Saxena Amit, Russo Ilaria, Frangogiannis Nikolaos G
Department of Medicine (Cardiology), The Wilf Family Cardiovascular Research Institute, Albert Einstein College of Medicine, Bronx, NY.
Department of Medicine (Cardiology), The Wilf Family Cardiovascular Research Institute, Albert Einstein College of Medicine, Bronx, NY.
Transl Res. 2016 Jan;167(1):152-66. doi: 10.1016/j.trsl.2015.07.002. Epub 2015 Jul 17.
In the infarcted myocardium, necrotic cardiomyocytes release danger signals, activating an intense inflammatory response. Inflammatory pathways play a crucial role in regulation of a wide range of cellular processes involved in injury, repair, and remodeling of the infarcted heart. Proinflammatory cytokines, such as tumor necrosis factor α and interleukin 1, are markedly upregulated in the infarcted myocardium and promote adhesive interactions between endothelial cells and leukocytes by stimulating chemokine and adhesion molecule expression. Distinct pairs of chemokines and chemokine receptors are implicated in recruitment of various leukocyte subpopulations in the infarcted myocardium. For more than the past 30 years, extensive experimental work has explored the role of inflammatory signals and the contributions of leukocyte subpopulations in myocardial infarction. Robust evidence derived from experimental models of myocardial infarction has identified inflammatory targets that may attenuate cardiomyocyte injury or protect from adverse remodeling. Unfortunately, attempts to translate the promising experimental findings to clinical therapy have failed. This review article discusses the biology of the inflammatory response after myocardial infarction, attempts to identify the causes for the translational failures of the past, and proposes promising new therapeutic directions. Because of their potential involvement in injurious, reparative, and regenerative responses, inflammatory cells may hold the key for design of new therapies in myocardial infarction.

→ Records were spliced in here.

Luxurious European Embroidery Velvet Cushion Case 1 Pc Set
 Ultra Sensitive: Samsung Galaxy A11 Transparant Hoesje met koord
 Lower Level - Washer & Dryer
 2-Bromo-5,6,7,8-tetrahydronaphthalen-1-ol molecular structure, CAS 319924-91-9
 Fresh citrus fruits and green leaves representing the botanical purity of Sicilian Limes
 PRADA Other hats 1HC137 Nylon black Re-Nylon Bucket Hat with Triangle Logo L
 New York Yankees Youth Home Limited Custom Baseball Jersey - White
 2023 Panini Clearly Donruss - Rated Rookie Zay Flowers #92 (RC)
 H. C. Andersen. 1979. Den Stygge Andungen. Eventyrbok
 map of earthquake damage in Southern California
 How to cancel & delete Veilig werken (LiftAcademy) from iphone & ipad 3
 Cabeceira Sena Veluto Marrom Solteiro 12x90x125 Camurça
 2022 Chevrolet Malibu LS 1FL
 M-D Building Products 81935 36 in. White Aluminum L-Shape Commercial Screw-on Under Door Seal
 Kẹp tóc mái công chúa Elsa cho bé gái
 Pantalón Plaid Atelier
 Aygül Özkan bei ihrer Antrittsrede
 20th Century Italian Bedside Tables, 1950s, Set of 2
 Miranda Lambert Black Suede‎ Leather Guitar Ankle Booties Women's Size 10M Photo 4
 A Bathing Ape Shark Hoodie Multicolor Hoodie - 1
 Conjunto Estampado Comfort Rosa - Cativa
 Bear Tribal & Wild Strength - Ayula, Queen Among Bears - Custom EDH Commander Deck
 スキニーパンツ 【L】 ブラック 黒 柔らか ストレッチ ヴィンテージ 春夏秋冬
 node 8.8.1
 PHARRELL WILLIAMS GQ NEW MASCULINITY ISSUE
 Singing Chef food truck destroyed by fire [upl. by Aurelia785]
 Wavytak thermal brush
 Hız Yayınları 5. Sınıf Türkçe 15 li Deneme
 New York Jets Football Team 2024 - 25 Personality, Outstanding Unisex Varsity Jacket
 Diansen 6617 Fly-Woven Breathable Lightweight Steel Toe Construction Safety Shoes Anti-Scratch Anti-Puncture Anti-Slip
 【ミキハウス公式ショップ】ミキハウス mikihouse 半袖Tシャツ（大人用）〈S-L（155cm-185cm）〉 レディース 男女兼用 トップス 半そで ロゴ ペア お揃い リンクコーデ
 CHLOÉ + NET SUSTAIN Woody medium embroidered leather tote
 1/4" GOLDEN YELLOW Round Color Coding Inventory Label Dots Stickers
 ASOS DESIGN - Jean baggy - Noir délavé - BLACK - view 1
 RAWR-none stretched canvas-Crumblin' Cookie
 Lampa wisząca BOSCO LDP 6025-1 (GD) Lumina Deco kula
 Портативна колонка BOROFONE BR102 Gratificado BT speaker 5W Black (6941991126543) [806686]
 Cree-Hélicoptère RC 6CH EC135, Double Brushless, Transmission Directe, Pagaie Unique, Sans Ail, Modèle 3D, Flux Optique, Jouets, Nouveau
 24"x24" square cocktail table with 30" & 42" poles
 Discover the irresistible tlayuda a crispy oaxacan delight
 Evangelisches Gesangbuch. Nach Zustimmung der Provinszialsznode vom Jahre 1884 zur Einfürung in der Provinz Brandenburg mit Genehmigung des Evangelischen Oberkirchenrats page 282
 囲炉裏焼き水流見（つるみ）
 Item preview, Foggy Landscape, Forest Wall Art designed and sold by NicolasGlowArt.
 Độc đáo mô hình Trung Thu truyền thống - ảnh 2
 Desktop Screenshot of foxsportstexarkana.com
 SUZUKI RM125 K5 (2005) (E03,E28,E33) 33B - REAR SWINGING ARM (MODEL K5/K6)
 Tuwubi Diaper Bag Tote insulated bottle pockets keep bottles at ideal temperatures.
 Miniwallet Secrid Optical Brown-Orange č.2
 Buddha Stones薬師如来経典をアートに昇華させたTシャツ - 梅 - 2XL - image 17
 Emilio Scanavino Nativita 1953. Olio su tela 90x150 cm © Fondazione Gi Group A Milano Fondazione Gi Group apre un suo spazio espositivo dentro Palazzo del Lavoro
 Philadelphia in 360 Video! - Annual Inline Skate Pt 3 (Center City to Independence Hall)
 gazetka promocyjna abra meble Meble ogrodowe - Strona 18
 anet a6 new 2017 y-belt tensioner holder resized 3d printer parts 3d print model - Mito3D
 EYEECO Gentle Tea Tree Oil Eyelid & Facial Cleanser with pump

在梗死心肌中,坏死的心肌细胞释放危险信号,激活强烈的炎症反应。炎症通路在调节梗死心脏损伤、修复和重塑过程中涉及的广泛细胞过程中起着关键作用。促炎细胞因子,如肿瘤坏死因子α和白细胞介素1,在梗死心肌中显著上调,并通过刺激趋化因子和黏附分子表达促进内皮细胞与白细胞之间的黏附相互作用。不同的趋化因子和趋化因子受体对参与梗死心肌中各种白细胞亚群的募集。在过去30多年里,大量实验工作探索了炎症信号的作用以及白细胞亚群在心肌梗死中的贡献。来自心肌梗死实验模型的有力证据已经确定了可能减轻心肌细胞损伤或防止不良重塑的炎症靶点。不幸的是,将这些有前景的实验结果转化为临床治疗的尝试均告失败。这篇综述文章讨论了心肌梗死后炎症反应的生物学特性,试图找出过去转化失败的原因,并提出有前景的新治疗方向。由于炎症细胞可能参与损伤、修复和再生反应,它们可能是设计心肌梗死新疗法的关键。